What you need to do:
In this exercise, return only the lines that run from the line with "Pops & Sticks" to the end of the entries below, both included. Pictures are not copied.

Image-text web data:

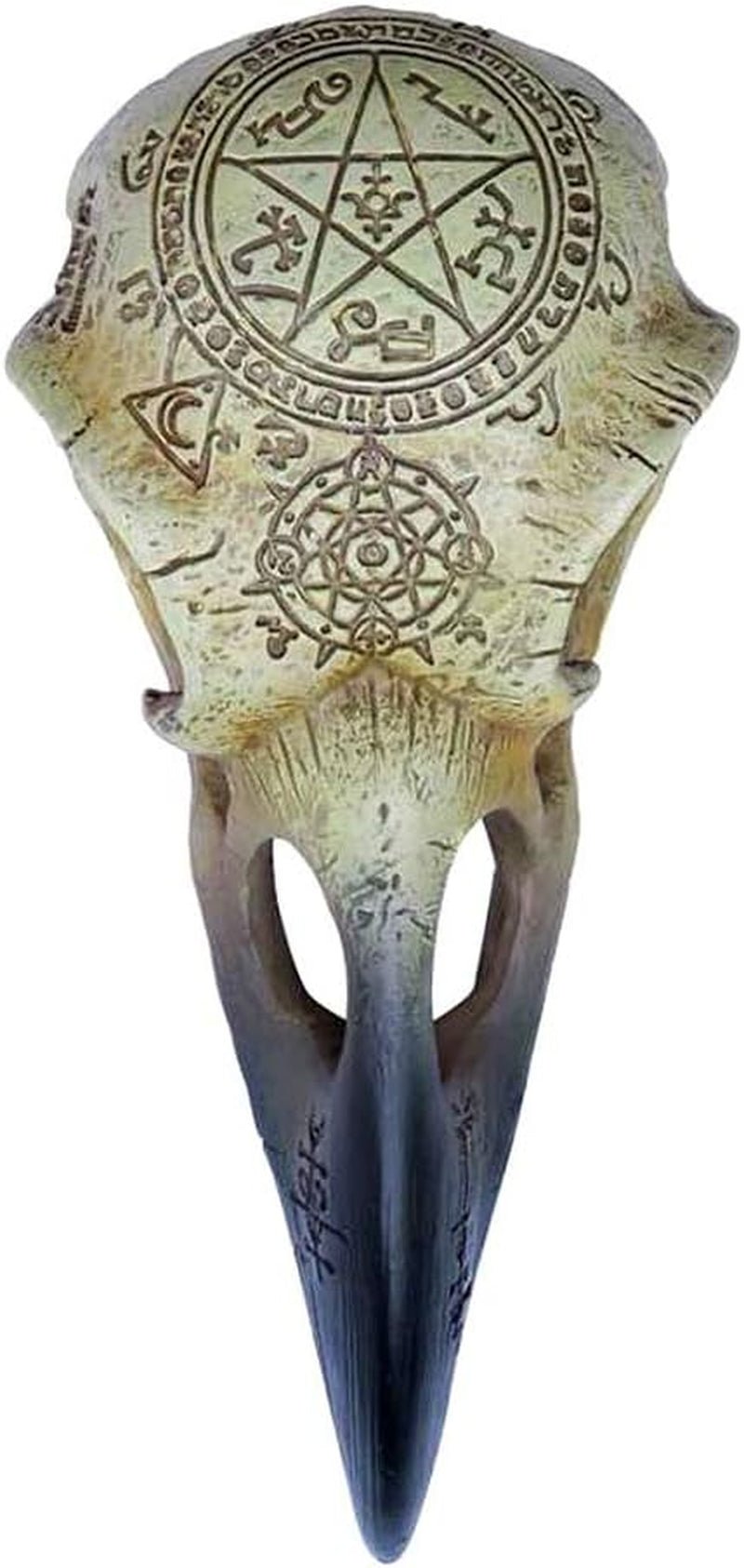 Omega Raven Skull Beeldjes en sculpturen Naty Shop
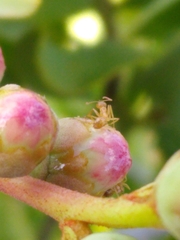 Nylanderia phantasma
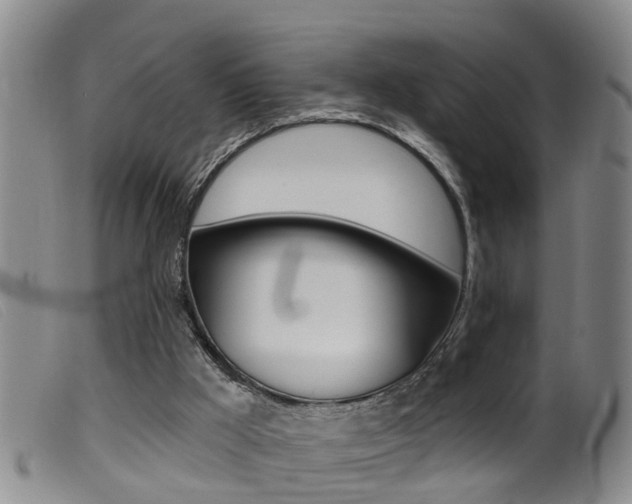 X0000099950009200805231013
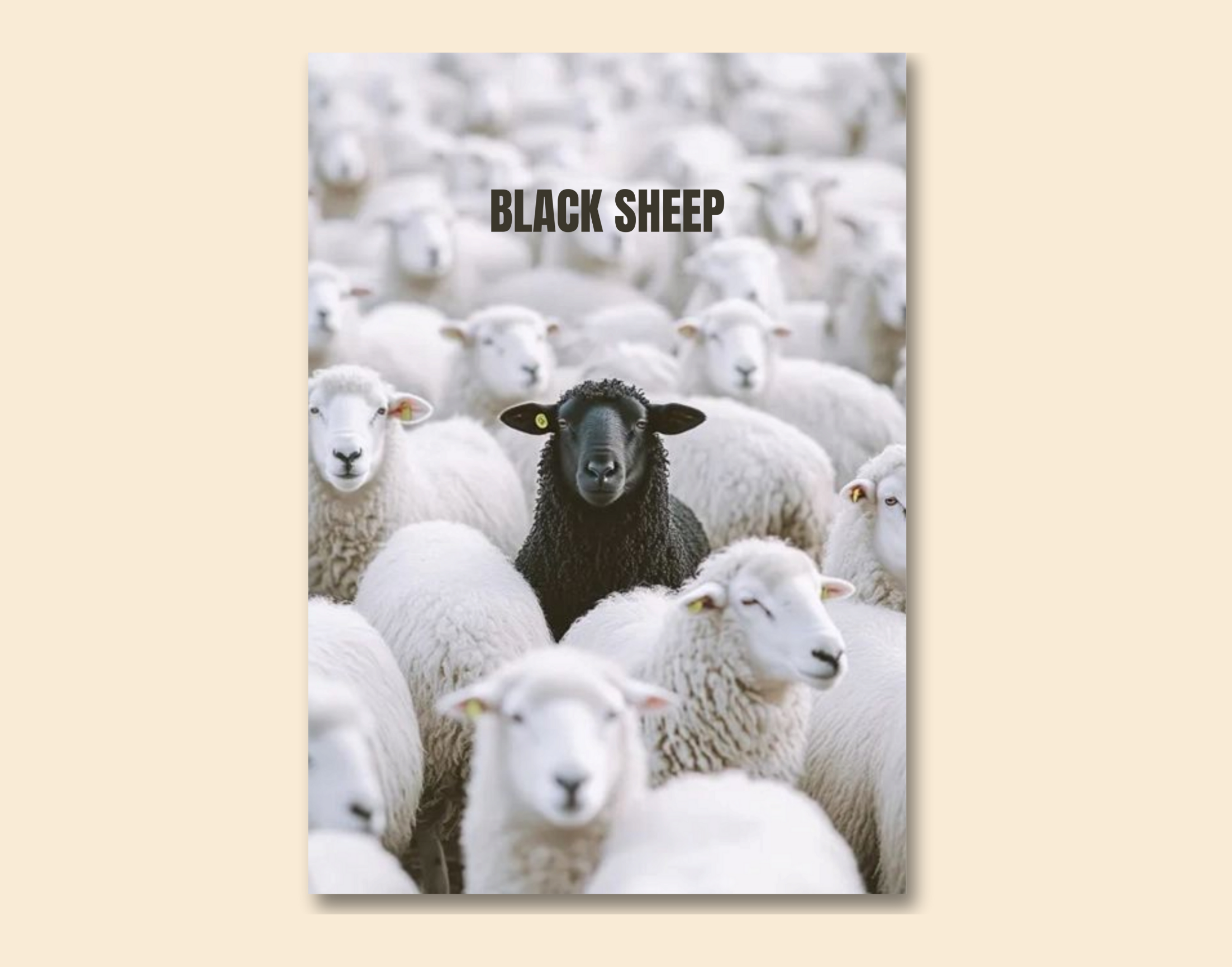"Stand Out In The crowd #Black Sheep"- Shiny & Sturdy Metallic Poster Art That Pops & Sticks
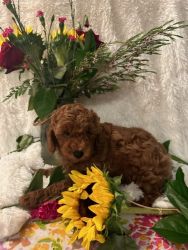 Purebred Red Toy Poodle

Result of the task:
"Stand Out In The crowd #Black Sheep"- Shiny & Sturdy Metallic Poster Art That Pops & Sticks
 Purebred Red Toy Poodle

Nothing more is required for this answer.